Beneath this sentence is a listing. Return its lines from the one containing "Niulife Organic Coconut" through the last, exactly, and omit the pictures.

**DATA PROVIDED:**

----------

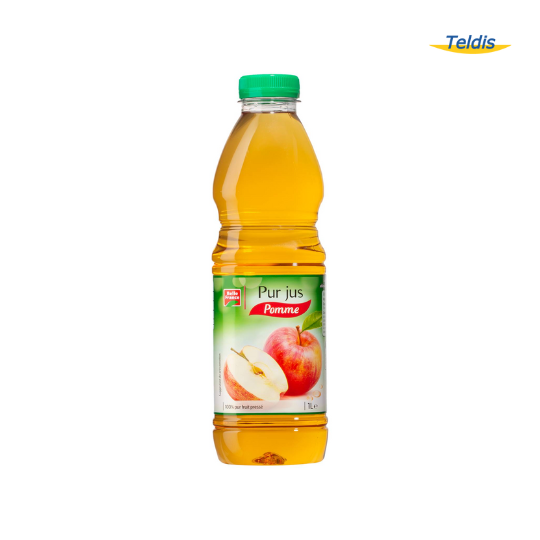 JUS DE POMME PUR JUS BF PET 1L/6
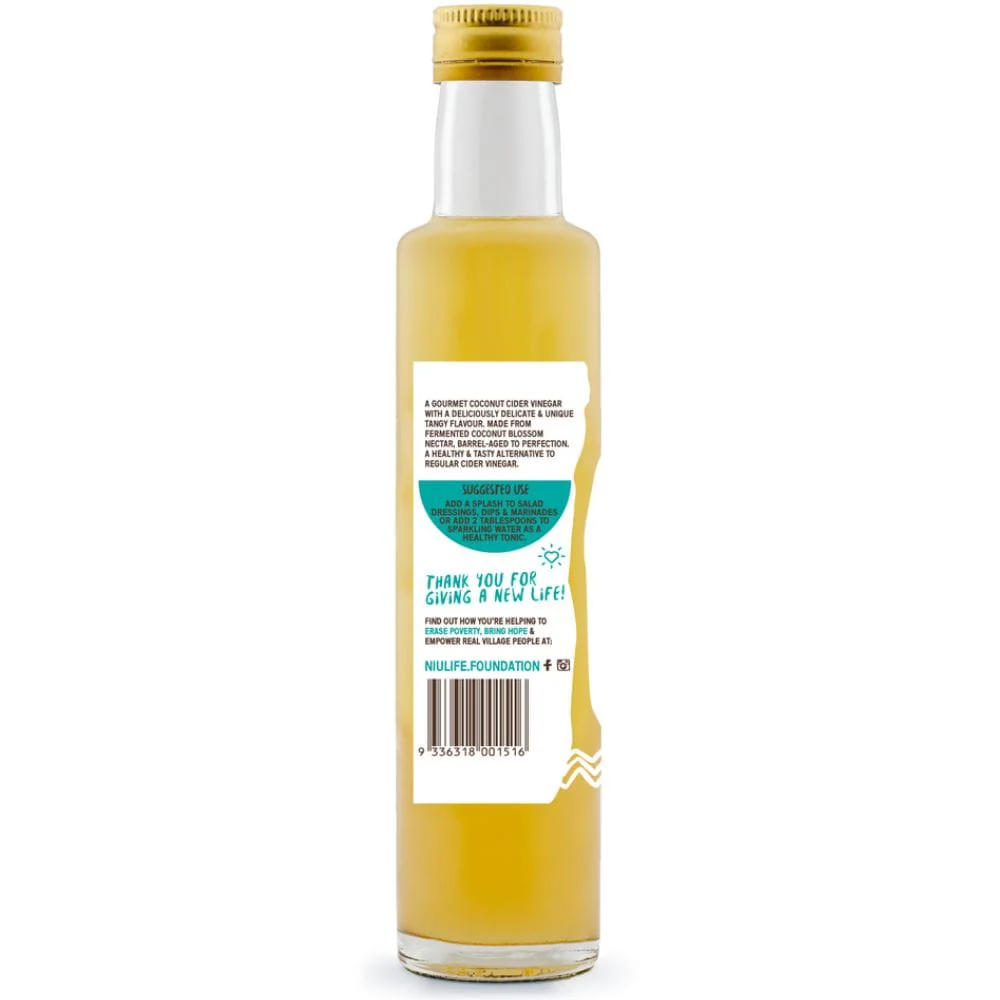 Niulife Organic Coconut Cider Vinegar 250ml - Image 2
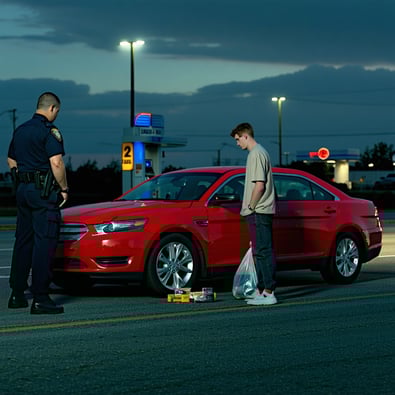 Officer Uncovers Marijuana in Speedway Car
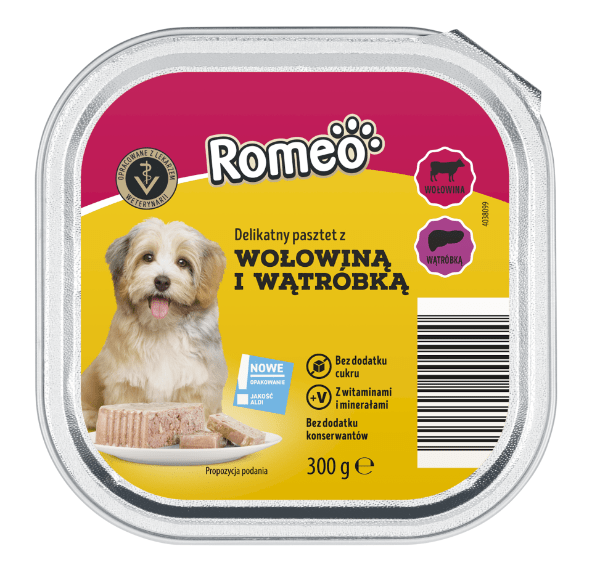 ROMEO Karma mokra dla psa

----------

**PROBLEM SOLUTION:**
 Niulife Organic Coconut Cider Vinegar 250ml - Image 2
 Officer Uncovers Marijuana in Speedway Car
 ROMEO Karma mokra dla psa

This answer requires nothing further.